The next thing I do is pinpoint the problem and go over it in my head until I can work out how to fix it or reduce it. Depending on what I'm dealing with the next step in resolving it differs, if it's a problem with a person then I think about how I can approach them about it or if it's even worth it, if it's a problem to do with work or studies then I ask myself how I can reduce the workload to limit stress or create a time management plan. If it's something out of my control then I just try my best, I focus on it if needed but I give myself time to be distracted from it too. If there's little things niggling at you then make it your first priority to sort them out, no one deserves to be upset for any reason and if you can solve your own problems then you'll be way better off.

Life is all about balance and unfortunately sometimes things get thrown your way out of nowhere, terrible uncontrollable, cripplingly things and getting through them will be incredibly difficult but if you've made a conscious effort to do everything you can to be satisfied in all other aspects of your life then it will be a lot easier to get through them when the time comes.
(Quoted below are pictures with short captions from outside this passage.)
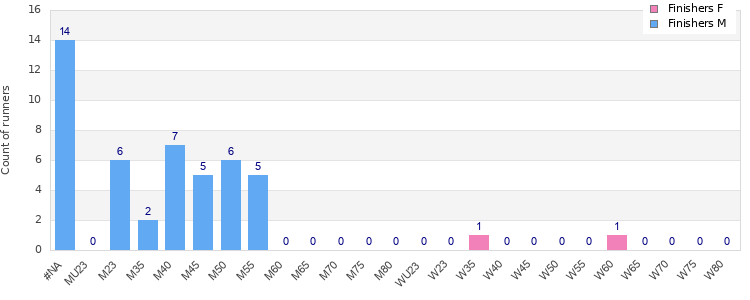 Age group distribution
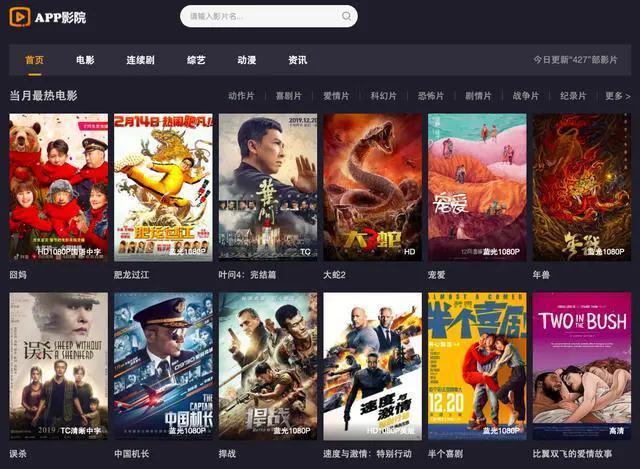 博亚体育官方appIP趋势分析图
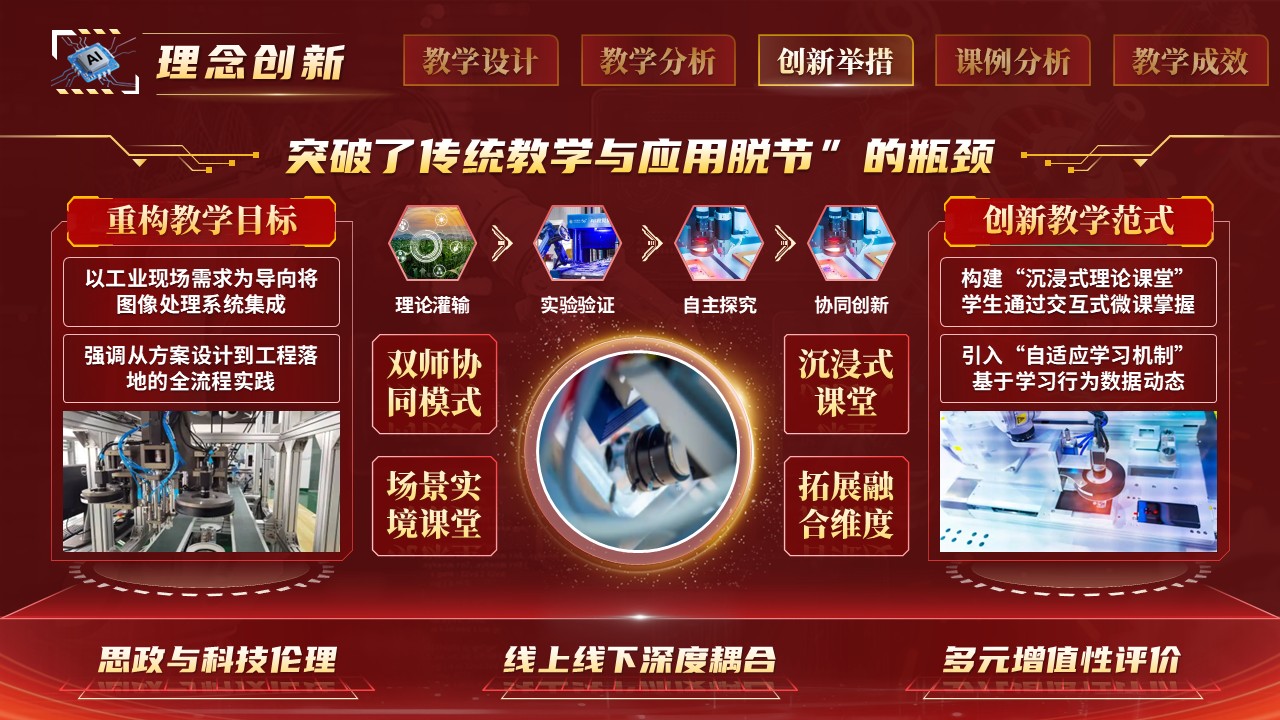 《机器视觉技术》混合式教学创新大赛第6页预览图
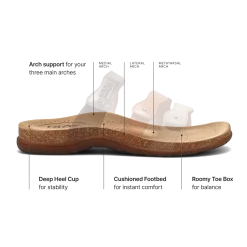 Taos Footwear Cork Support Sandals*Scribble Blue Multi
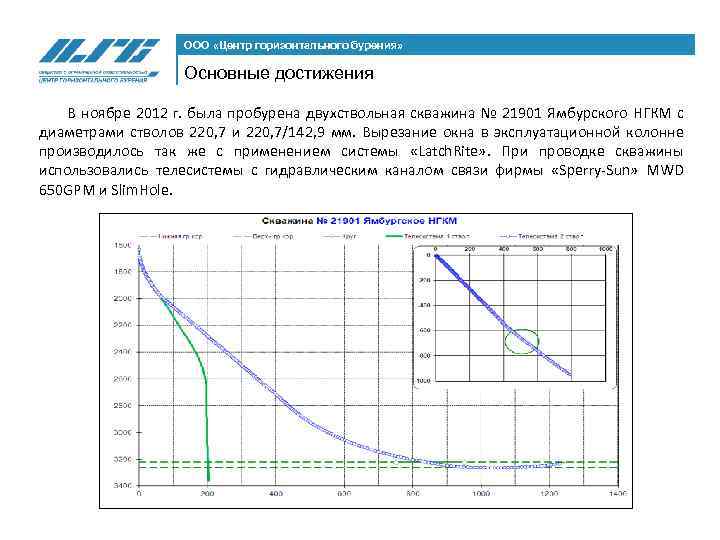 ООО «Центр горизонтального бурения» Основные достижения В ноябре 2012 г. была пробурена двухствольная скважина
Most problems are to do with relationships, everyone is so completely different and no one gets along with every single person they've ever met, it's physically impossible.  However every person that is in your life is there for a reason, they come they teach you something and then they leave, sometimes on their own, sometimes because of actions you've produced but nonetheless they've been there and left for a reason. Some people are placed into your life without your control such as peers, teachers, co workers, bosses etc, and you mightn't get along with them but you just have to stay polite and get through the part of your life in which they're present. If any of these people are unrighteously malicious to you or anyone for that matter then that should be dealt with accordingly and if someone is making you feel uncomfortable enough to not want to continue going to the the place where you see them then it's best weigh up if it's worth leaving the circumstance all together.

Partners, friends and even family that make you feel anything less than your worth are not needed in your life. If someone makes you feel slightly negative because of their behaviour then tell them about it and if it's not an issue that you can sort out together then what's the point of having them at all, weigh up your pros and cons and if the bad times outweigh the good then don't stand for it, you deserve to be happy and anyone that sabotages that isn't worth your time or emotions.
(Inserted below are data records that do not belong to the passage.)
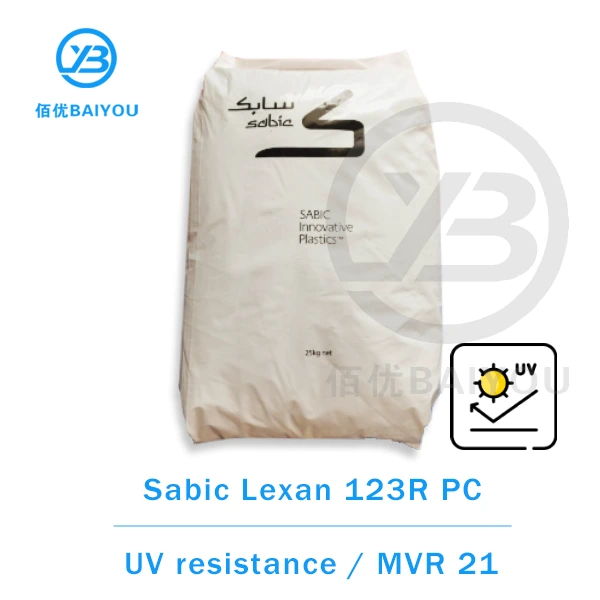 Sabic Lexan 123R-111 PC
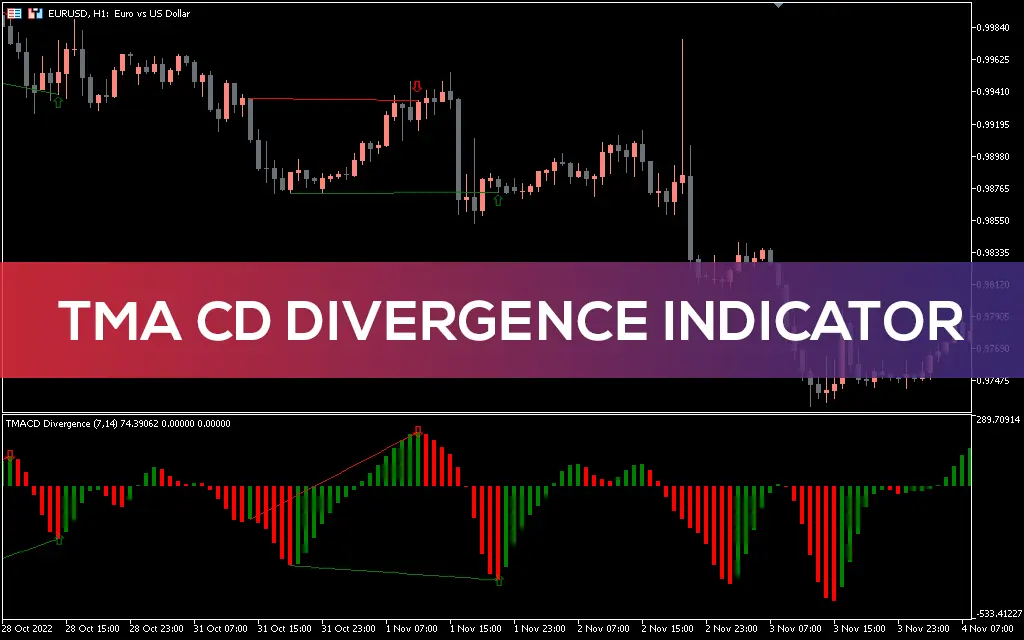 اندیکاتور TMA CD Divergence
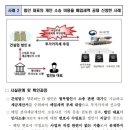 엘리트세무회계와공인중개사사무소 이미지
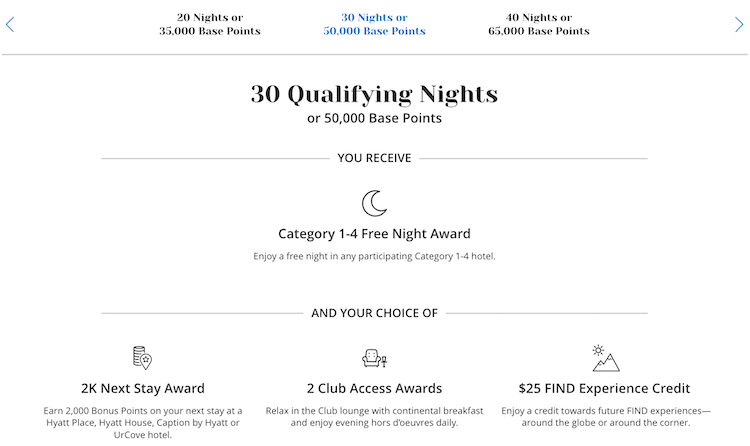 Hyatt Milestone 30 nights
I cannot stress how important your own happiness is if something's making you incredibly upset then it's not worth it. Life's too short to be unhappy about something you can remove or change, your mental health should be your first priority always. Know your worth and don't sacrifice yourself for anything that makes you even slightly uncomfortable.
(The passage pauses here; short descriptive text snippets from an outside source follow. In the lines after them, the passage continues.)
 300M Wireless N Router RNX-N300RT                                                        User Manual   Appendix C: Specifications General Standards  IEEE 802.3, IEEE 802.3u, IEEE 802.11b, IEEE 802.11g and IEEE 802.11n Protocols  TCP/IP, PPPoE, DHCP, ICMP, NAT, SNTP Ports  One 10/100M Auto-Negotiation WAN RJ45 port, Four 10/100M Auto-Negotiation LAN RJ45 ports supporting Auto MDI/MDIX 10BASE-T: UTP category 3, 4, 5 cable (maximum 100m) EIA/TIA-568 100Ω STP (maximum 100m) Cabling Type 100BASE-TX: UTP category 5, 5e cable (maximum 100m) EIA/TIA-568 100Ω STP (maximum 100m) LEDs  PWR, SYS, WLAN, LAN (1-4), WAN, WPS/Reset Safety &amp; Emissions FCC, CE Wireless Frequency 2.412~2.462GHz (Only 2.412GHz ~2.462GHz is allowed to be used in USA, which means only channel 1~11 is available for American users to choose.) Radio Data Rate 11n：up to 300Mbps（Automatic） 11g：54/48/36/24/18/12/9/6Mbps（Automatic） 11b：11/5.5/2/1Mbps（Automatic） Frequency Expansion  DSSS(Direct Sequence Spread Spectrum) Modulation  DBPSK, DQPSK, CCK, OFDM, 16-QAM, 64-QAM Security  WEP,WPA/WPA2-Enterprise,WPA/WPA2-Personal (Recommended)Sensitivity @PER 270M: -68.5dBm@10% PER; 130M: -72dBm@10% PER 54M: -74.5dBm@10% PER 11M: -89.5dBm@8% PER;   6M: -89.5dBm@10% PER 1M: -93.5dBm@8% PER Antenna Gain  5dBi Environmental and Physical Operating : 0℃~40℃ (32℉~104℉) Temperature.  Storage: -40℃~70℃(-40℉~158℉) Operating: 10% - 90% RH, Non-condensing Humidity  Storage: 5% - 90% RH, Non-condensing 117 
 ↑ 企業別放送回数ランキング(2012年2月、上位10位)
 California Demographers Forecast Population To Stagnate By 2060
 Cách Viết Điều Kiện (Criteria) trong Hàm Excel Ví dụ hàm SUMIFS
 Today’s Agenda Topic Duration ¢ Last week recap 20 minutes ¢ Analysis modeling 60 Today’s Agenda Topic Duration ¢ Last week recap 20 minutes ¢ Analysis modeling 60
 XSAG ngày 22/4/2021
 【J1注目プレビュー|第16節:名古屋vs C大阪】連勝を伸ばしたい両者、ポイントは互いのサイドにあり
I myself am built from experiences and information, I am learning and constantly growing, we all are. You just have to remember that this life is your journey and every decision that you make has to be for yourself, not anyone else. Everything you have done so far and everything you've been through in the past has made you who you are, and if you don't like that then make an effort to change it, there is no set date limiting you in transforming yourself. At any point you can do absolutely anything you put your mind to. If you are not satisfied with something about yourself then make a conscious effort to fix it.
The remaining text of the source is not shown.